Met het toezicht op de naleving van het bij of krachtens deze verordening bepaalde zijn belast de daartoe door het college aangewezen ambtenaren.
Op een aanvraag voor een huisvestingsvergunning, inschrijving of toestemming anderszins, die is ingediend voor het tijdstip waarop deze verordening van kracht wordt en waarop op genoemd tijdstip nog niet is beschikt, zijn de bepalingen van de huisvestingsverordening van toepassing, zoals deze luidden voor het van kracht worden van deze verordening, tenzij de aanvrager de wens te kennen geeft dat de bepalingen van deze verordening worden toegepast.

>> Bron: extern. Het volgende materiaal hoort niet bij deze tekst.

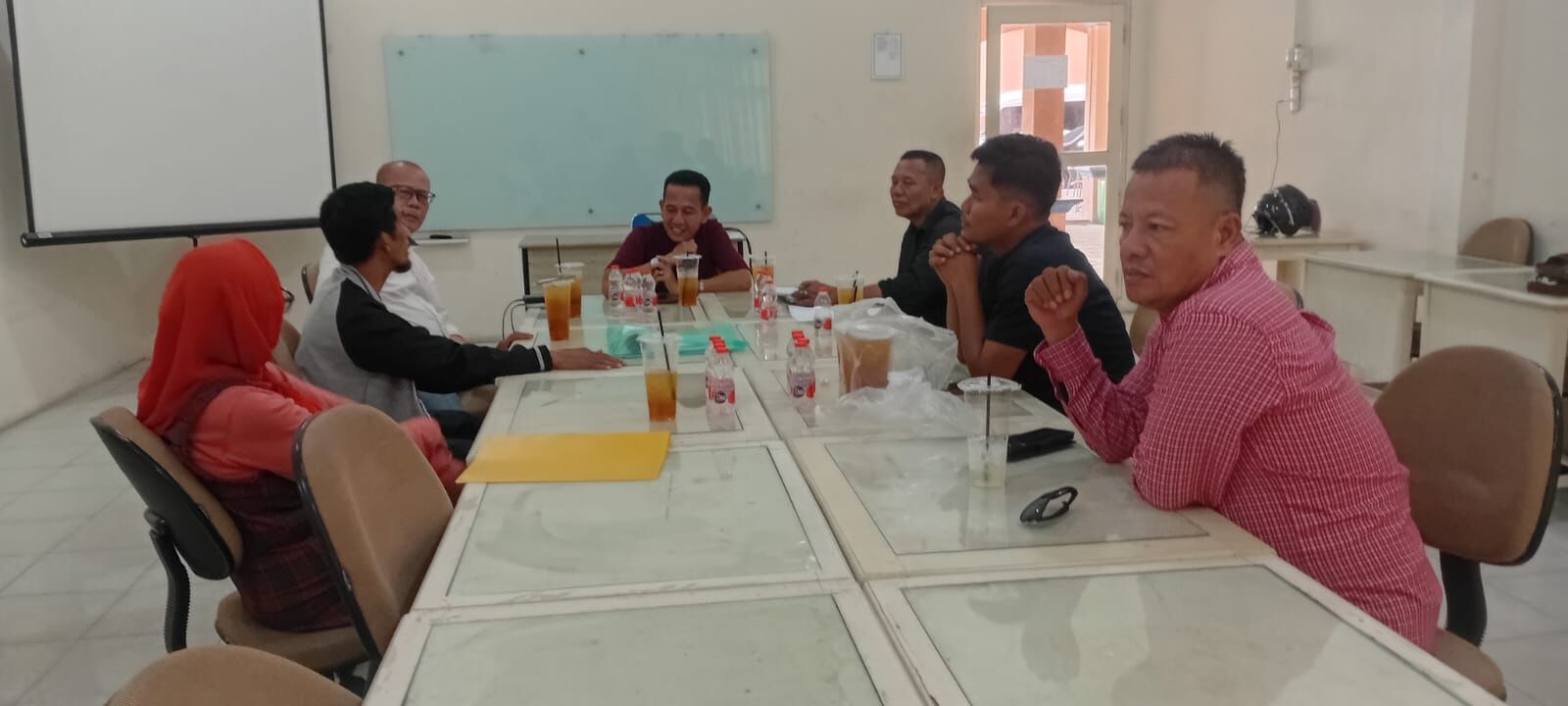 Nabi diutus,Raja diturunkan ,pemimpin dilahirkan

De voor de inwerkingtreding van deze verordening door standplaatszoekenden ingediende aanvragen voor een huisvestingsvergunning, welke tevens waren aan te merken als verzoeken tot inschrijving in de wachtlijst van standplaatszoekenden, worden geacht inschrijvingen te zijn in de wachtlijst als bedoeld in artikel 17.
De voor de inwerkingtreding van deze verordening door woningzoekenden ingediende aanvragen voor een huisvestingsvergunning, welke tevens waren aan te merken als verzoeken tot inschrijving in het register van woningzoekenden, worden geacht inschrijvingen te zijn in het register als bedoeld in artikel 3 van deze verordening.